[Stored dataset items]
- Opening Delimiter -
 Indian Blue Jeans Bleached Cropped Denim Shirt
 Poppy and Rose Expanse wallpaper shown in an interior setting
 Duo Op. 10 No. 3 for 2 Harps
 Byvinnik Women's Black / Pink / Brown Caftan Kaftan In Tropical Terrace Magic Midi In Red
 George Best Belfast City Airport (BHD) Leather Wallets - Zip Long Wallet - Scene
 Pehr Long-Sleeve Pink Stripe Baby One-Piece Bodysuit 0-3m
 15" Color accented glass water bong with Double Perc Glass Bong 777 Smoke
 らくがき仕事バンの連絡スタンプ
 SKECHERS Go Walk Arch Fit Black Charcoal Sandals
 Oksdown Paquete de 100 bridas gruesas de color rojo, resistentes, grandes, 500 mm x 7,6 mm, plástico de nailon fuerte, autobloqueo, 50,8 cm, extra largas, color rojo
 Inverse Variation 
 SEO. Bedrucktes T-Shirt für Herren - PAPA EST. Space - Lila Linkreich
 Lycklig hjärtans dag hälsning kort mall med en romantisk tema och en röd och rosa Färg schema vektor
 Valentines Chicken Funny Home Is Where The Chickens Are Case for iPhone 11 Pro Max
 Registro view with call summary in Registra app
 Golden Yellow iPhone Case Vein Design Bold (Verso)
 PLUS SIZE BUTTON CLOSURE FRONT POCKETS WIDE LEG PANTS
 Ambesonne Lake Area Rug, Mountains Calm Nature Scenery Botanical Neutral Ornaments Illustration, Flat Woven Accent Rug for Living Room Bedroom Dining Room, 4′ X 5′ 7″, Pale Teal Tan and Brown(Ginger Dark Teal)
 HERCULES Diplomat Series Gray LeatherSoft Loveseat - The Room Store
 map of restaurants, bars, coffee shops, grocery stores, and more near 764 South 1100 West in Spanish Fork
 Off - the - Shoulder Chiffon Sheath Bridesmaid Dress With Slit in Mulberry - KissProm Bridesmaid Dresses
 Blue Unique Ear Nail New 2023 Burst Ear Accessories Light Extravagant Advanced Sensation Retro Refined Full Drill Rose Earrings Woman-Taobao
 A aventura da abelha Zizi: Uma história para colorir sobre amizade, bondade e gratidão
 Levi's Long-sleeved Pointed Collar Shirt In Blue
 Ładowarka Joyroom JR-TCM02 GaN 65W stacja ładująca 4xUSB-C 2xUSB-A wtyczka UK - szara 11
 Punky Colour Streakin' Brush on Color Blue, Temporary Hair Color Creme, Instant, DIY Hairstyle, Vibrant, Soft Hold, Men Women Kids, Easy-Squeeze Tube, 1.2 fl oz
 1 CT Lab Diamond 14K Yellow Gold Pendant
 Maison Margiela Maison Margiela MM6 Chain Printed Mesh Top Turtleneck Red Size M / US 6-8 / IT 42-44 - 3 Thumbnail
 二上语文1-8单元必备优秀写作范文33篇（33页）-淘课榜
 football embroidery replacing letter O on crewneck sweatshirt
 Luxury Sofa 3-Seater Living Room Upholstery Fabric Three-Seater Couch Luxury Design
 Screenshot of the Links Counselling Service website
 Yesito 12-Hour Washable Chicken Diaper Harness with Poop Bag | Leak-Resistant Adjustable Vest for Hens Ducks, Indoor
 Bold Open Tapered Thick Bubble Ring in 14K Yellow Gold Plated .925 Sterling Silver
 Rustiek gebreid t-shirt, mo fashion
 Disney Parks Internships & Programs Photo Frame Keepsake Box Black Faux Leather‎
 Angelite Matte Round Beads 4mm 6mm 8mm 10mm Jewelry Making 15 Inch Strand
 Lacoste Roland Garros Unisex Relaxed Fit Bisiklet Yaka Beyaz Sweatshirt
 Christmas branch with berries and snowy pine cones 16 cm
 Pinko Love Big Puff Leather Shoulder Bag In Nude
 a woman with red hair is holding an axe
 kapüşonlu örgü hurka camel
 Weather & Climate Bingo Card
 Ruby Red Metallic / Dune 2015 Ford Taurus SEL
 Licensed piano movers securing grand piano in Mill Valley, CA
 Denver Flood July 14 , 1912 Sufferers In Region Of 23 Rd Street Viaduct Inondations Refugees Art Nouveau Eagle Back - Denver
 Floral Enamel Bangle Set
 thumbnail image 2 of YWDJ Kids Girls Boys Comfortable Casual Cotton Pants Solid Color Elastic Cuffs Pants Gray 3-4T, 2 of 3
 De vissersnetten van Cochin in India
- Closing Delimiter -
▶ **WHAT YOU ARE ASKED TO DO**: Would you please repeat exactly the lines above, starting at the line with "A aventura da" and stopping at the line with "二上语文1-8单元必备优秀写作范文33篇（33页）-淘课榜", both included?

▶ **SOLUTION TO THIS EXERCISE**:
 A aventura da abelha Zizi: Uma história para colorir sobre amizade, bondade e gratidão
 Levi's Long-sleeved Pointed Collar Shirt In Blue
 Ładowarka Joyroom JR-TCM02 GaN 65W stacja ładująca 4xUSB-C 2xUSB-A wtyczka UK - szara 11
 Punky Colour Streakin' Brush on Color Blue, Temporary Hair Color Creme, Instant, DIY Hairstyle, Vibrant, Soft Hold, Men Women Kids, Easy-Squeeze Tube, 1.2 fl oz
 1 CT Lab Diamond 14K Yellow Gold Pendant
 Maison Margiela Maison Margiela MM6 Chain Printed Mesh Top Turtleneck Red Size M / US 6-8 / IT 42-44 - 3 Thumbnail
 二上语文1-8单元必备优秀写作范文33篇（33页）-淘课榜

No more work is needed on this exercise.